My estimated NW managed to increase by $28,079 (1.16%) during December. This was despite the stock market weakness that saw my geared stock portfolio decline by -$9,809 (-3.62%), and my superannuation savings drop -$3,814 (-0.33%) despite making the usual monthly SGL and salary sacrifice contributions. The overall increase in NW was due to the local house sales data reflecting the recovery in the Sydney real estate market, hence my half of the estimated valuation for our house increased by $41,458 (5.88%). The increase was unusually large as the local sales data had not been updated last month or two, so this change reflected several months of price adjustment in one hit.
My total estimated NW reached $2.442m, which is a new 'record high' as they like to say when talking about the stock market ;)

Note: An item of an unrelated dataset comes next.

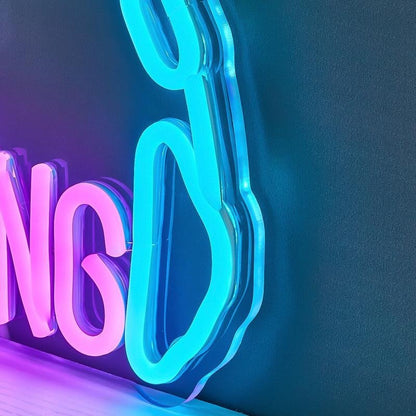 Gaming USB LED Neon Sign for Bar Game Room & Man Cave Wall Decor - Shineneon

In the medium term (5 years) the trajectory of my NW will be largely dependent on how the stock market and Sydney real estate perform, as changes in asset prices will dwarf the impact of my savings. In the longer term a lot will also depend on whether the off-the-plan I've put a deposit on ends up being worth more than the purchase price by the time construction is completed in 2023, and how the Sydney property market performs in the next decade or two. Hopefully this investment unit will be 'positively geared' (i.e. the rental return is sufficient to cover the outgoings - loan interest, strata levy, rates etc.) by the time I retire. The completion of a new 'metro' train station close to the unit is due about the same time, so that should help with rental and vacancy rates. On the down side there is quite a lot of new unit (apartment) development occurring in the area, which might affect prices.